# YOUR OBJECTIVE
Transcribe every entry below word for word, but skip the pictures.

# PROVIDED RECORDS
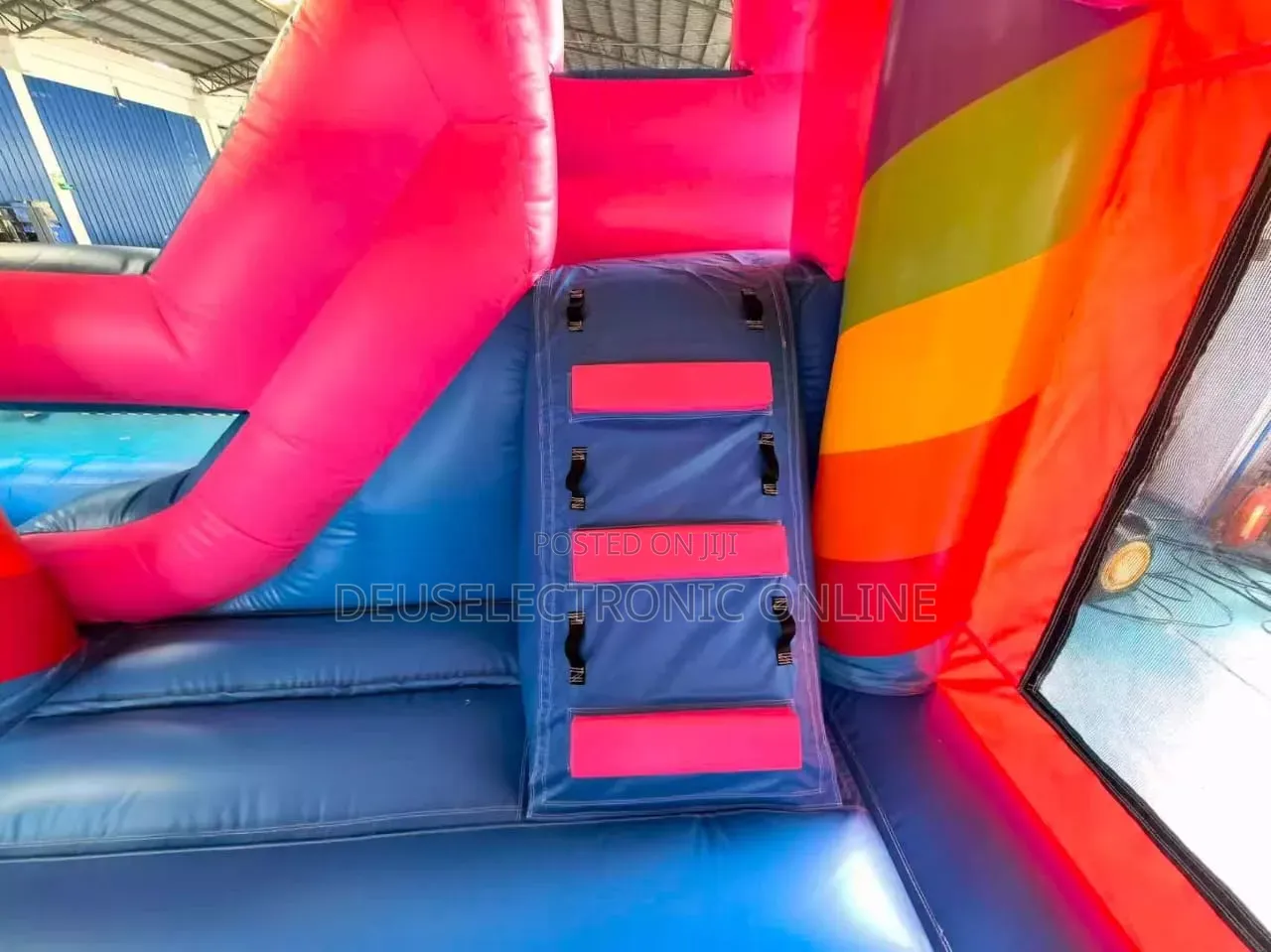 Jumping Castle Hili Ni Heavy Duty Lenye Ukubwa Wa Mita 5m × 4m × 3.5m
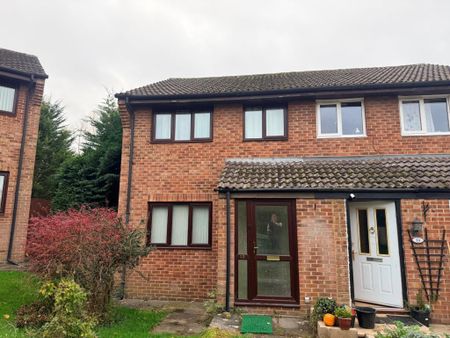 3 bedroom semi-detached house to rent - Photo 5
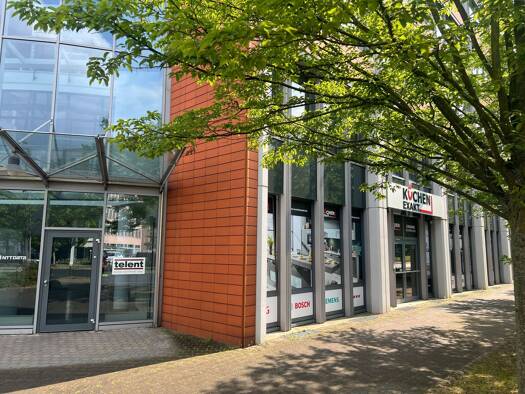 Laden zur Miete provisionsfrei 10,50 € 2 Zimmer 290 m² Verkaufsfläche teilbar ab 290 m² Rheinstraße 10 B Teltow 14513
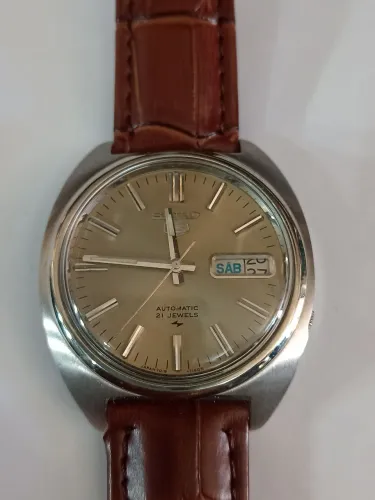 Relógio marca Seiko modelo 5 pulseira de couro
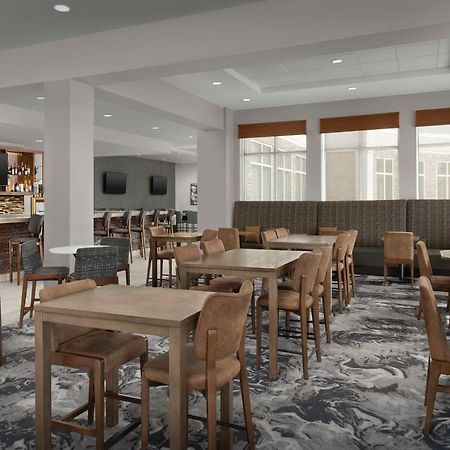 Hilton Garden Inn Cedar Falls Conference Center Екстериор снимка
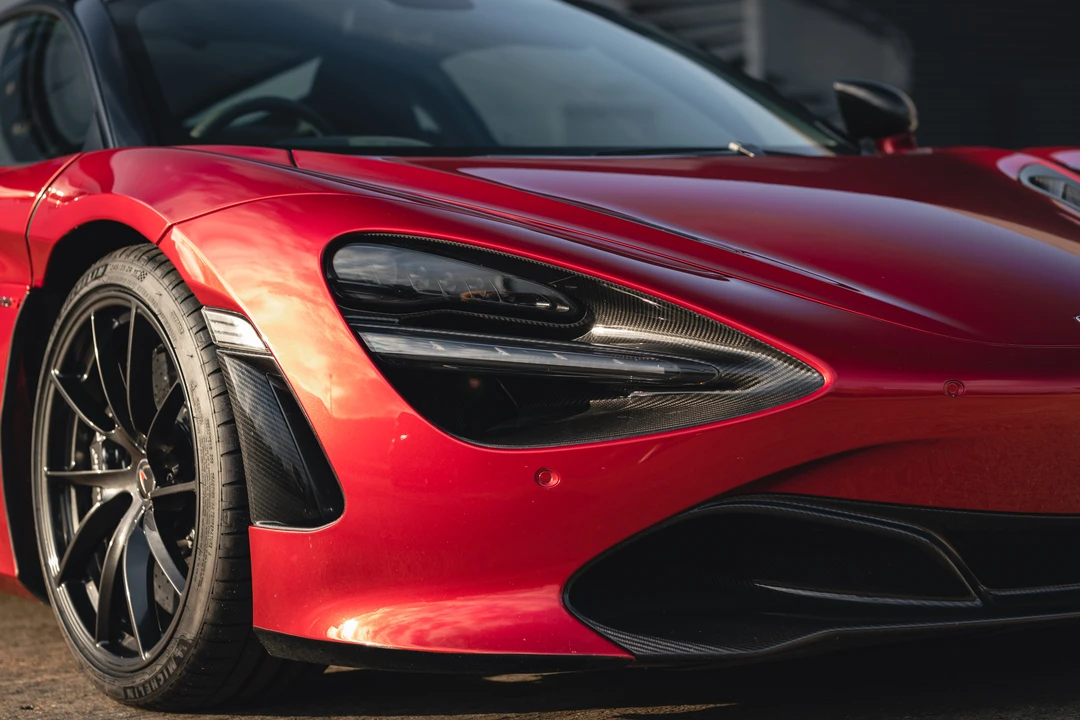 2017 McLaren 720S - Image 31 of 31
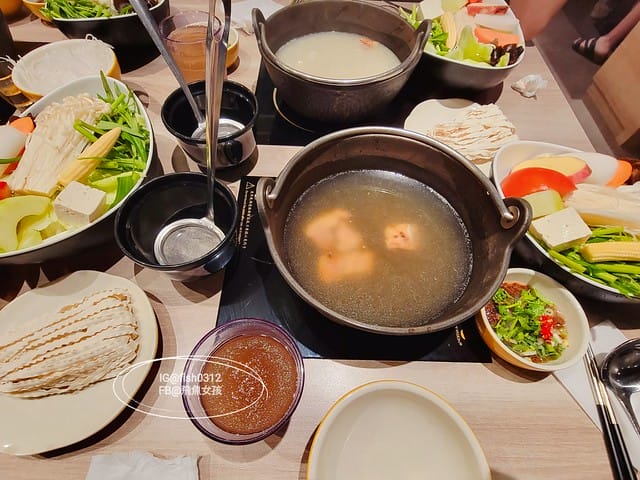 雞湯大叔,雞湯大叔敦北店,濃郁雞湯湯底,文青風火鍋店,台北雞湯火鍋,台北平價雞湯火鍋,小巨蛋美食,小巨蛋火鍋店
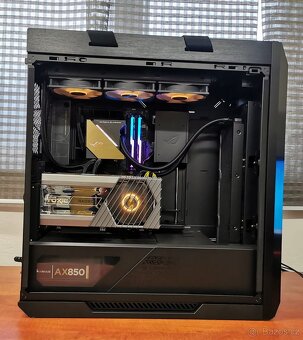 ROG Helios + 6900XT 16GB toxic Ex / RTX 3090 24GB - 8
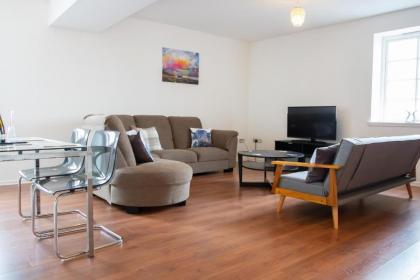 Spacious Flat In Converted Sugar Store - image 1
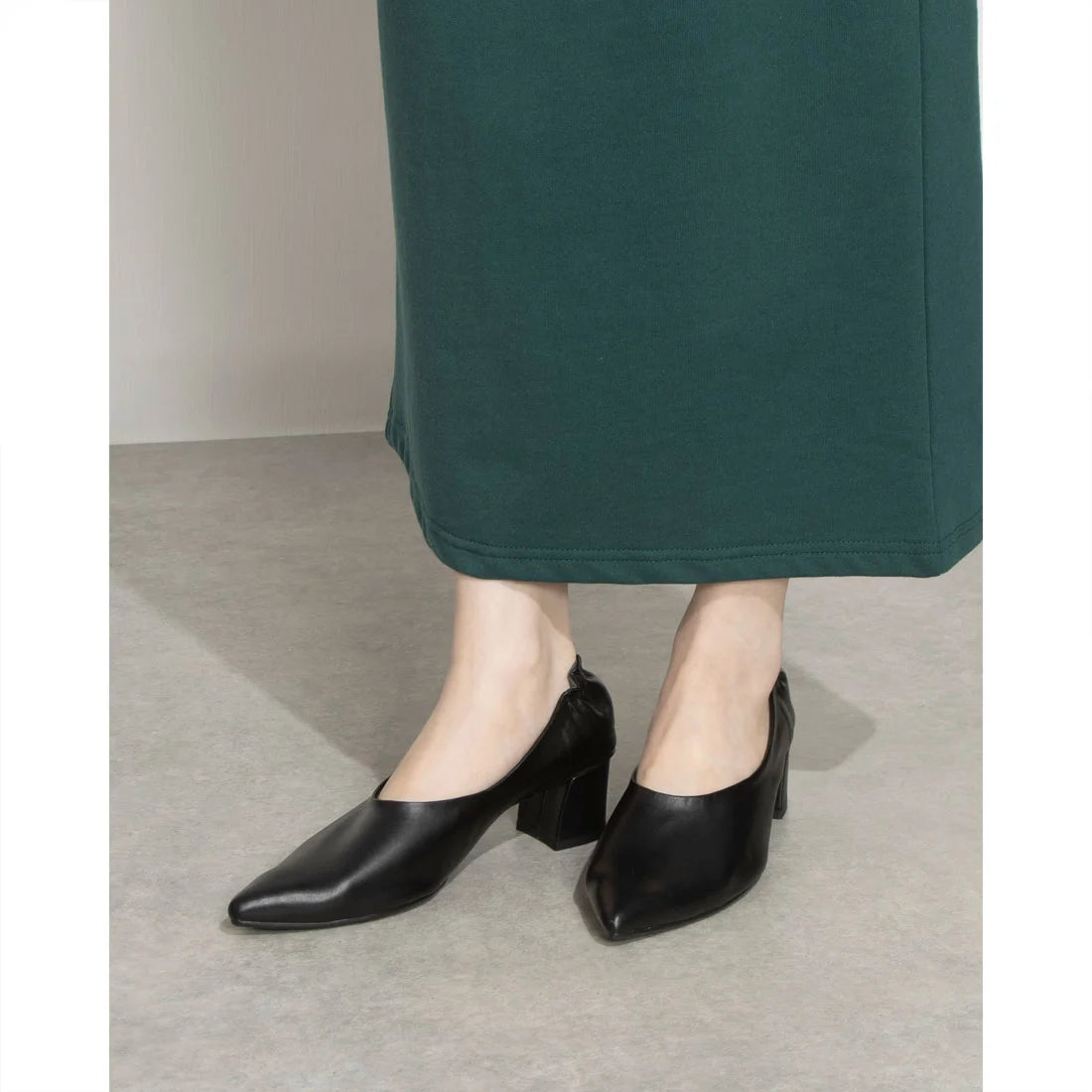 日本製 Launa lea 尖頭粗跟淺口鞋 (0540)（Black）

# EXPECTED ANSWER
 Jumping Castle Hili Ni Heavy Duty Lenye Ukubwa Wa Mita 5m × 4m × 3.5m
 3 bedroom semi-detached house to rent - Photo 5
 Laden zur Miete provisionsfrei 10,50 € 2 Zimmer 290 m² Verkaufsfläche teilbar ab 290 m² Rheinstraße 10 B Teltow 14513
 Relógio marca Seiko modelo 5 pulseira de couro
 Hilton Garden Inn Cedar Falls Conference Center Екстериор снимка
 2017 McLaren 720S - Image 31 of 31
 雞湯大叔,雞湯大叔敦北店,濃郁雞湯湯底,文青風火鍋店,台北雞湯火鍋,台北平價雞湯火鍋,小巨蛋美食,小巨蛋火鍋店
 ROG Helios + 6900XT 16GB toxic Ex / RTX 3090 24GB - 8
 Spacious Flat In Converted Sugar Store - image 1
 日本製 Launa lea 尖頭粗跟淺口鞋 (0540)（Black）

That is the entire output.